Qubit-Photon Bound States in Superconducting Metamaterials

TL;DR

This paper investigates the quantum behavior of electromagnetic waves in a one-dimensional superconducting metamaterial with charge qubits, revealing bound states that could enable photon transport control.

Contribution

It introduces a quantum-mechanical model for superconducting metamaterials with charge qubits, demonstrating the formation of photon-qubit bound states within such systems.

Findings

Two bands of single-photon-qubit bound states identified

Bound states can trap radiation, affecting photon transport

Model applicable at low temperatures with weak fields

Abstract

We study quantum features of electromagnetic radiation propagating in the one-dimensional superconducting quantum metamaterial comprised of an infinite chain of charge qubits placed within two-stripe massive superconductive resonators.
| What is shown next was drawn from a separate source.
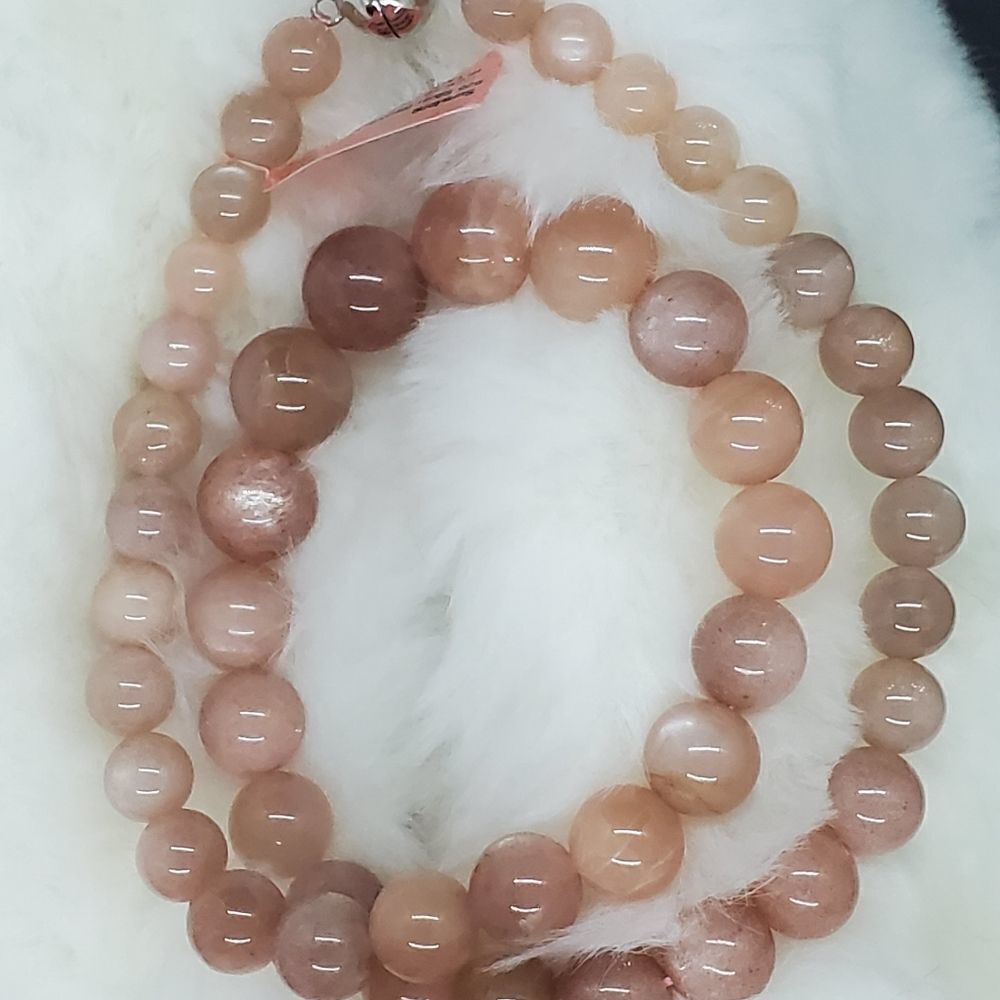 18 Inch Necklace‎ - Picture 4 of 12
The Quantum-mechanical model is derived assuming weak fields and that, at low temperatures, each qubit is either unoccupied ($N=0$) or occupied by a single Cooper pair ($N=1$). Based on this assumption we demonstrate the emergence of two bands of single-photon-qubit bound states with the energy lying within (lower branch) or outside (higher) the photon continuum. The emergence of bound states may cause radiation trapping which could be of interest for the control of photon transport in these systems.